UK exports to a group of emerging nations could be $10bn more

The UK is missing out on £10bn worth of exports a year to a group of emerging economies, according to a study by Standard Chartered bank.

Annual exports to what Standard calls the Emerging 7 (China, India, Pakistan, Nigeria, Bangladesh, Vietnam and Indonesia) are currently worth £24bn.

But the bank, which specialises in financing international trade, calculates it should be £34bn a year.

Of all the G7 countries, the UK could be a big beneficiary of closer trade.

Standard Chartered urges the UK to orientate its Emerging 7 (E7) trade policy accordingly.

Michael Vrontamitis, the bank’s head of trade for Europe and Americas, said: “With the UK settling into a slower pace of growth and Brexit on the horizon, UK businesses need to look more widely for growth.

“It is clear that the E7 countries represent multi-billion-dollar trading opportunities for the UK and British businesses searching for export diversification and growth.

The study was immediately welcomed by the International Trade Secretary, Liam Fox, who has repeatedly stressed the opportunities that Brexit presents to refocus trade policy on faster growing economies.

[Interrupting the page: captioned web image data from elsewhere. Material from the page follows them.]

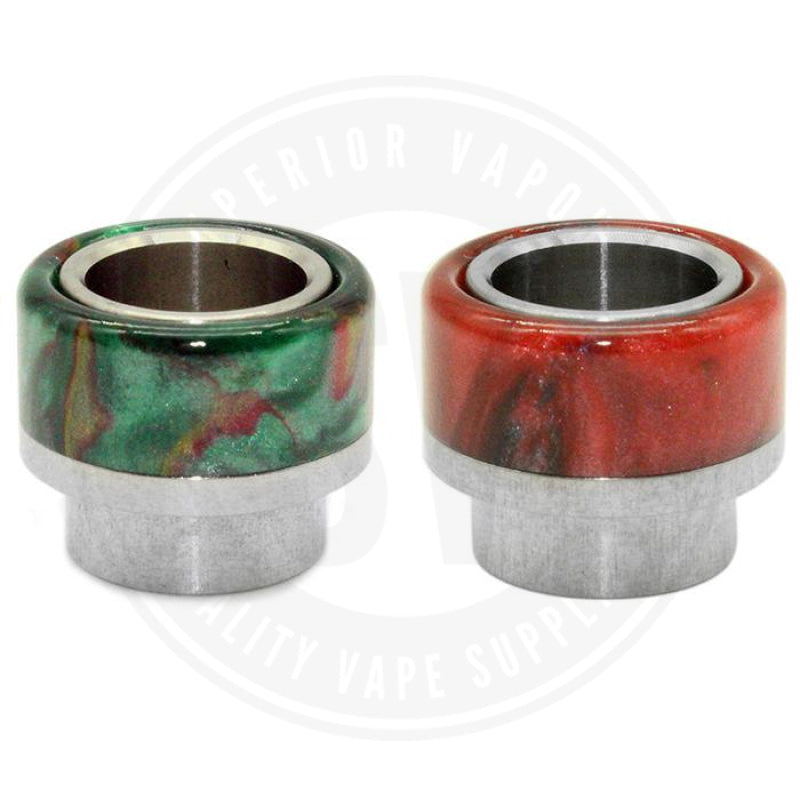 Goon / Kennedy Purge Drip Tips By Vapjoy Tip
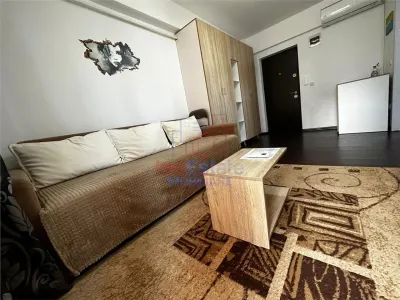 Apartament 2 Camere Centru - Palas Campus - Iasi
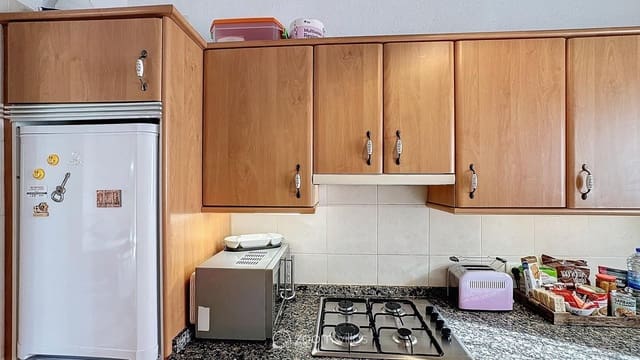 Chalet de 2 habitaciones en Benitachell / Benitatxell en venta con piscina - 335.000 € (Ref: 9311406)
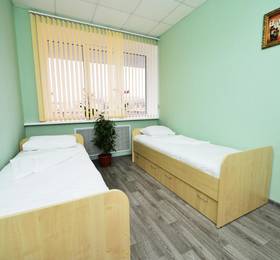 Туры в Mini Hotel Na Avtovokzale в России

He said: “As an international economic department, we are supporting businesses meet this demand, target overseas markets and succeed on the global stage, so we create more jobs and prosperity in every part of the country.”

However, the study does not examine the potential loss of exports to our biggest and closest market – the EU – as a result of Brexit. Many people have questioned whether increased trade with the E7 can offset those losses.

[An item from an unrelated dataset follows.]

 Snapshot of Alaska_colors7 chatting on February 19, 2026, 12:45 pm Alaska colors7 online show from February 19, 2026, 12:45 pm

One of the most sceptical voices was former civil servant Sir Martin Donnelly, who until last year ran the very same Department for International Trade of which Liam Fox is secretary.

Fulfilling potential
Sir Martin recently told the BBC that the UK was “giving up a three-course meal, which is the depth and intensity of our trade relationships across the European Union and partners now, for the promise of a packet of crisps in the future if we manage to do trade deals outside the European Union which aren’t going to compensate for what we’re giving up”.

The Standard Chartered report says that of the G7 countries, only Germany is fulfilling its export potential to the E7, and only then through its reliance on its huge exports to a single country – China.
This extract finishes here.